Professor Karin Heller

Dr. Karin Heller, an Austrian by birth and a French citizen, recently moved from Paris to the Pacific Northwest to begin teaching Catholic theology at Whit-worth College, a Presbyterian school in Spokane, Wash., as part of the school's commitment to ecumenism. She had never been to the United States before coming to Whitworth.

Heller holds three doctoral theses from European universities — the Sorbonne, the Lateran in Rome and Ludwig-MaximiliansUniversitat in Munich. She also has been affiliated with the Pope John Paul II Institute for Marriage and Family.

As a young woman Heller was one of the first to undergo the solemn rite of consecration of a virgin living in the world in Austria. She recently spoke to Register correspondent Jesuit Father Matt Gamber at her new residence in Spokane.

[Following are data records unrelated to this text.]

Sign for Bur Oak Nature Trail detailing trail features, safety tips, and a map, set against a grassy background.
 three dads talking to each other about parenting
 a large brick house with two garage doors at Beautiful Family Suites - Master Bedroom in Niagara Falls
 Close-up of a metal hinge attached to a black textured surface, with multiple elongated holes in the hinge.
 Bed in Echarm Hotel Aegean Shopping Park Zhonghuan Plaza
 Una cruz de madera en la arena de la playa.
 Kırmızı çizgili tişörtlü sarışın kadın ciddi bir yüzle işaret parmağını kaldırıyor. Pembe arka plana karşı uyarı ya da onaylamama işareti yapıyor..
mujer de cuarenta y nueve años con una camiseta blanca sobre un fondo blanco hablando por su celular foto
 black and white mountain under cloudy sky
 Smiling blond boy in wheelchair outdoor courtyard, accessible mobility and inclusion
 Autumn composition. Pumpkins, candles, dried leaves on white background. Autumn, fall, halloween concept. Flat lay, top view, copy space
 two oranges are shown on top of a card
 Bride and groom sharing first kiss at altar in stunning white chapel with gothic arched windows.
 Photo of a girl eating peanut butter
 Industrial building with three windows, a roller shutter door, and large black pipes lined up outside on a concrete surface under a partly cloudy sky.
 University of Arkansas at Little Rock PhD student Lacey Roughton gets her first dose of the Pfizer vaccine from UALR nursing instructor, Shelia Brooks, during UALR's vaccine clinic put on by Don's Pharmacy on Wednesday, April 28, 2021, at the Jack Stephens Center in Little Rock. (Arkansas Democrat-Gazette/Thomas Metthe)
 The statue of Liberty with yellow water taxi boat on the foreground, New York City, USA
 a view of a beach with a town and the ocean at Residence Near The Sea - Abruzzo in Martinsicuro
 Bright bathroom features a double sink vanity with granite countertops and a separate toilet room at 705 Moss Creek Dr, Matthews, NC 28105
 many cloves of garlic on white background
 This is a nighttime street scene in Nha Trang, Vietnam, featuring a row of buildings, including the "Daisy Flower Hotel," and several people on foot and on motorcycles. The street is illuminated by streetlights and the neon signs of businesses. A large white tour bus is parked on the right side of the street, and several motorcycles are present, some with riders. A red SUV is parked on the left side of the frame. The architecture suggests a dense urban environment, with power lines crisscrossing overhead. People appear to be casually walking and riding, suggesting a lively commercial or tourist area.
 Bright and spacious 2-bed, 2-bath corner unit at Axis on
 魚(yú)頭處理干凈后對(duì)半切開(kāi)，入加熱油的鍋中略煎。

You are a Roman Catholic consecrated laywoman from Europe teaching Catholic theology at a Presbyterian college in the great “unchurched” area of the Pacific Northwest. How did that happen?

After teaching in Europe for many years, my contract with the theology faculty of Lugano in Switzerland was not renewed. Bishop [Angelo] Scola, former rector of the Lateran University and director of my first doctoral thesis [he is now patriarch of Venice and was recently made cardinal], asked me to lend a helping hand with the foundation of a Pope John Paul II session in studies on marriage and the family in Ireland.

Six months later, a new bishop came in. He put an end to the project. Therefore, I found myself without a job.

I went on the Internet and looked for jobs in “religion.” Whitworth College came up. The job description was fitting with what I could offer. Just before sending in my application, I took out a map of the United States and figured out where Washington state and Spokane were. Having found them I said to myself, “I hope it won't be there! It's so far away from France!”

Finally, at the beginning of December 2002, I received a phone call from Whitworth College. After a phone interview, I was invited to come to Whitworth for an interview. The position was offered to me and I signed my contract on Dec. 24. It was an unexpected and quite unbelievable Christmas gift.

You recently celebrated the 30th anniversary of your consecration. How has living this vocation influenced your faith in Jesus Christ?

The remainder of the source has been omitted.